06. An Iterative Method, Part 2
An Iterative Method
In this concept, we will examine some ideas from the last video in more detail.
![](img/screen-shot-2017-09-26-at-2.18.38-pm.png)
Notes on the Bellman Expectation Equation
In the previous video, we derived one equation for each environment state. For instance, for state s_1, we saw that:
v_\pi(s_1) = \frac{1}{2}(-1 + v_\pi(s_2)) + \frac{1}{2}(-3 + v_\pi(s_3)).
We mentioned that this equation follows directly from the Bellman expectation equation for v_\pi.
v_\pi(s) = \text{} \mathbb{E}\pi[R{t+1} + \gamma v_\pi(S_{t+1}) | S_t=s] = \sum_{a \in \mathcal{A}(s)}\pi(a|s)\sum_{s' \in \mathcal{S}, r\in\mathcal{R}}p(s',r|s,a)(r + \gamma v_\pi(s')) (The Bellman expectation equation for v_\pi)
In order to see this, we can begin by looking at what the Bellman expectation equation tells us about the value of state s_1 (where we just need to plug in s_1 for state s).
v_\pi(s_1) = \sum_{a \in \mathcal{A}(s_1)}\pi(a|s_1)\sum_{s' \in \mathcal{S}, r\in\mathcal{R}}p(s',r|s_1,a)(r + \gamma v_\pi(s'))
Then, it's possible to derive the equation for state s_1 by using the following:
- \mathcal{A}(s_1)={ \text{down}, \text{right} } (When in state s_1, the agent only has two potential actions: down or right.)
- \pi({down}|s_1) = \pi(\text{right}|s_1) = \frac{1}{2} (We are currently examining the policy where the agent goes down with 50% probability and right with 50% probability when in state s_1.)
- p(s_3,-3|s_1,\text{down}) = 1 (and p(s',r|s_1,\text{down}) = 0 if s'\neq s_3 or r\neq -3) (If the agent chooses to go down in state s_1, then with 100% probability, the next state is s_3, and the agent receives a reward of -3.)

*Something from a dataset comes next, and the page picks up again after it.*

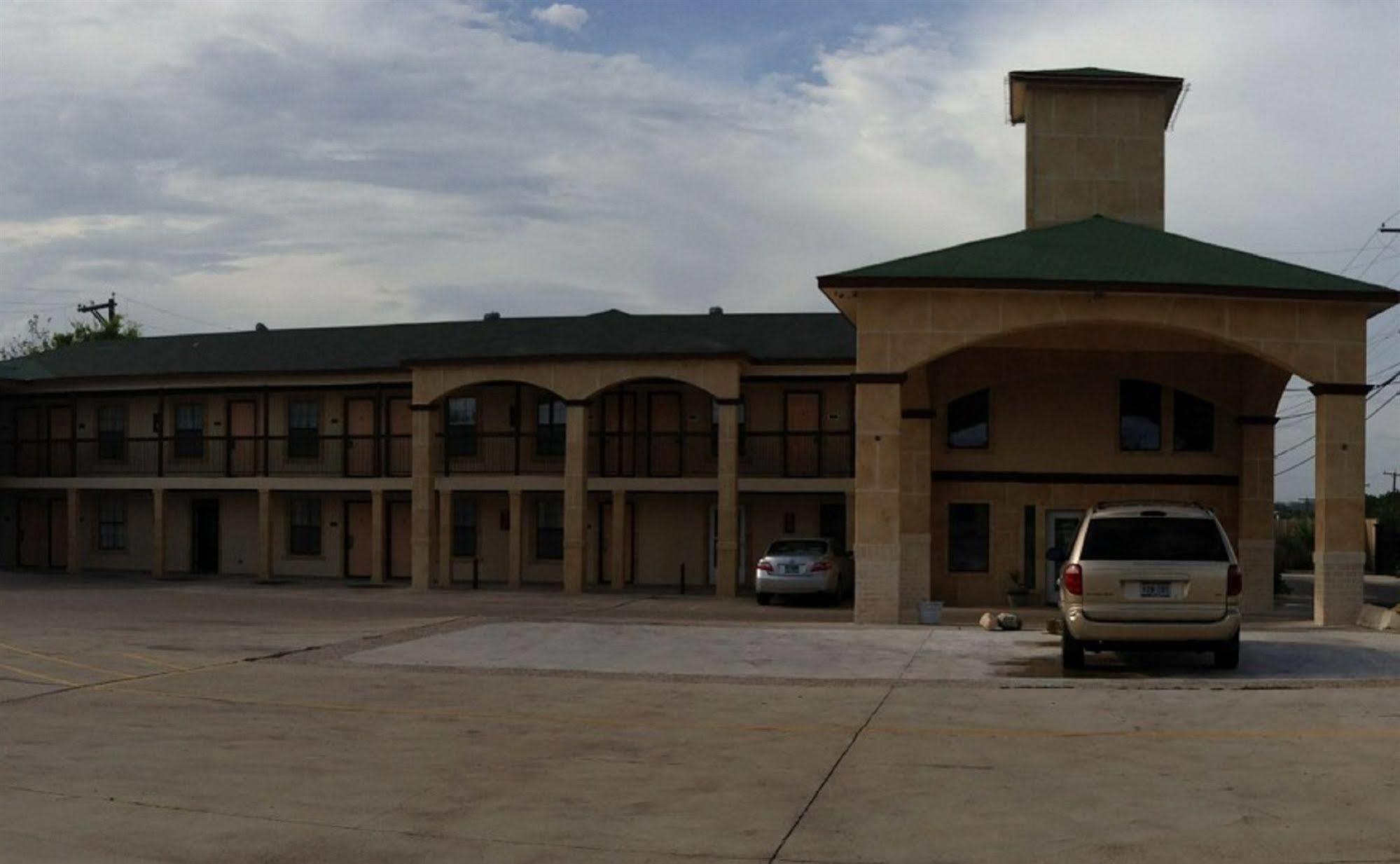 Pinn Road And Lackland Afb And Seaworld 2*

- p(s_2,-1|s_1,\text{right}) = 1 (and p(s',r|s_1,\text{right}) = 0 if s'\neq s_2 or r\neq -1) (If the agent chooses to go right in state s_1, then with 100% probability, the next state is s_2, and the agent receives a reward of -1.)
- \gamma = 1 (We chose to set the discount rate to 1 in this gridworld example.)
If this is not entirely clear to you, please take the time now to plug in the values to derive the equation from the video. Then, you are encouraged to repeat the same process for the other states.
Notes on Solving the System of Equations
In the video, we mentioned that you can directly solve the system of equations:
v_\pi(s_1) = \frac{1}{2}(-1 + v_\pi(s_2)) + \frac{1}{2}(-3 + v_\pi(s_3))
v_\pi(s_2) = \frac{1}{2}(-1 + v_\pi(s_1)) + \frac{1}{2}(5 + v_\pi(s_4))
v_\pi(s_3) = \frac{1}{2}(-1 + v_\pi(s_1)) + \frac{1}{2}(5 + v_\pi(s_4))
v_\pi(s_4) = 0
Since the equations for v_\pi(s_2) and v_\pi(s_3) are identical, we must have that v_\pi(s_2) = v_\pi(s_3).
Thus, the equations for v_\pi(s_1) and v_\pi(s_2) can be changed to:
v_\pi(s_1) = \frac{1}{2}(-1 + v_\pi(s_2)) + \frac{1}{2}(-3 + v_\pi(s_2)) = -2 + v_\pi(s_2)
v_\pi(s_2) = \frac{1}{2}(-1 + v_\pi(s_1)) + \frac{1}{2}(5 + 0) = 2 + \frac{1}{2}v_\pi(s_1)
Combining the two latest equations yields
v_\pi(s_1) = -2 + 2 + \frac{1}{2}v_\pi(s_1) = \frac{1}{2}v_\pi(s_1),
which implies v_\pi(s_1)=0. Furthermore, v_\pi(s_3) = v_\pi(s_2) = 2 + \frac{1}{2}v_\pi(s_1) = 2 + 0 = 2.
Thus, the state-value function is given by:
v_\pi(s_1) = 0
v_\pi(s_2) = 2
v_\pi(s_3) = 2
v_\pi(s_4) = 0
Note. This example serves to illustrate the fact that it is possible to directly solve the system of equations given by the Bellman expectation equation for v_\pi. However, in practice, and especially for much larger Markov decision processes (MDPs), we will instead use an iterative solution approach.